The use of portable electronic devices and mobile communication devices has increased dramatically in recent years. Mobile communication devices are offering more features such as speech recognition, pictures, music, audio, and video. Such features are facilitating the ease by which humans can interact with mobile devices. In particular, the speech communication interface between humans and mobile devices becomes more natural as the mobile devices attempt to learn from their environment and the people within the environment using the portable devices.
For example, Natural Language Dialog systems can include speech recognition which allows a user to speak to a mobile device for communicating a command or a query. Techniques for accomplishing speech recognition are well known in the art. Among known speech recognition techniques are those that use grammars. A grammar is a representation of the language or phrases expected to be used or spoken in a given context. Grammars typically constrain the speech recognizer to a vocabulary that is a subset of the universe of potentially-spoken words; and grammars may include sub-grammars. A grammar rule can then be used to represent the set of “phrases” or combinations of words from one or more grammars or sub-grammars that may be expected in a given context. “Grammar” may also refer generally to a statistical language model (where a model represents phrases), such as those used in language understanding systems.
Speech recognition grammars can predict words which are to be spoken at any point in a spoken command phrase. Essentially, from a speech recognition grammar, a speech recognition system can identify the words which should appear next in a spoken phrase. The use of speech recognition grammar can result in more accurate speech recognition since the list of possible words which can be spoken at any point in a spoken phrase is limited based upon the previously spoken words.
However, one of the most difficult and time-consuming tasks in the developing Natural Language Dialog Systems is creating or adapting pre-existing grammars. This task requires a high degree of linguistic training and expertise. Typically, the most difficult part of this task is beginning; creating an initial set of grammar rules. Normally, grammars are derived from a given training corpus. However, such training corpora are expensive and difficult to obtain, and new corpora must be obtained for each new application. If the target grammar is to contain semantic information, then the training corpus must be annotated for semantics, which requires additional time and expertise. Moreover, extracting an optimal grammar from a given corpus is an unsolved problem.

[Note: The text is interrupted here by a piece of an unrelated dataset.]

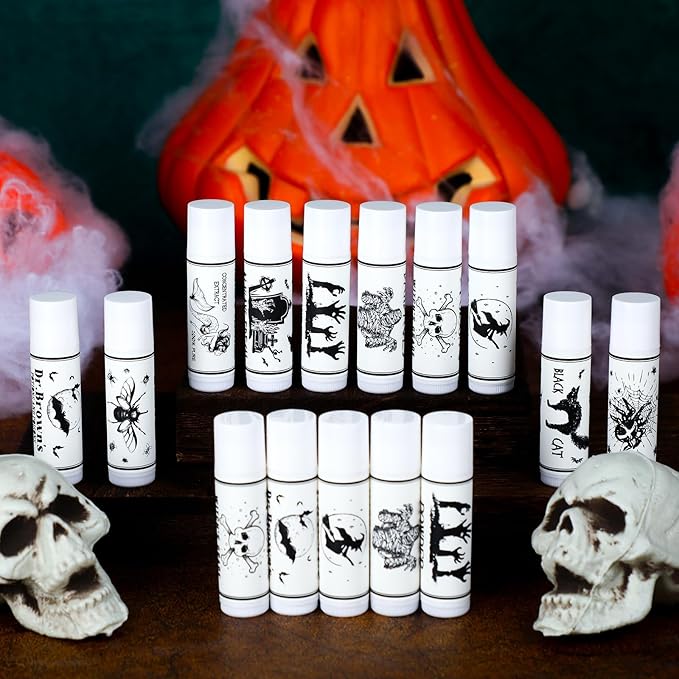 Dunzy 100 Pack Hello Fall Thanksgiving Party Gifts Bulk Lip Balms Favors Employee Appreciation Gifts Thank You Gifts Team Inspirational Gifts for Women Men Coworkers Satff Teachers(Bat)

Existing grammar toolkits allow developers to generate a grammar using various approaches. In one approach, the developer must formulate sample utterances by anticipating the utterances a user may present to the dialog system. Essentially, the developer is presented with a blank slate and told to fill the slate with samples. If the developer fails to anticipate a full user utterance range, the coverage of the resulting grammar is inadequate. In another approach, the developer can refine an existing grammar specific to a system component, though the resulting grammar may be tightly integrated with its result, and cannot be used by other system components. In another method, a grammar can be created from a domain model having access to a large corpus. An interactive tool for semi-automatic creation of a domain has been described in U.S. Pat. No. 6,622,136 and is incorporated herein by reference. The domain model provides a useful, formalized representation of knowledge about the domain of an application that the system is addressing and reflects a particular domain expert's conceptualization of that knowledge.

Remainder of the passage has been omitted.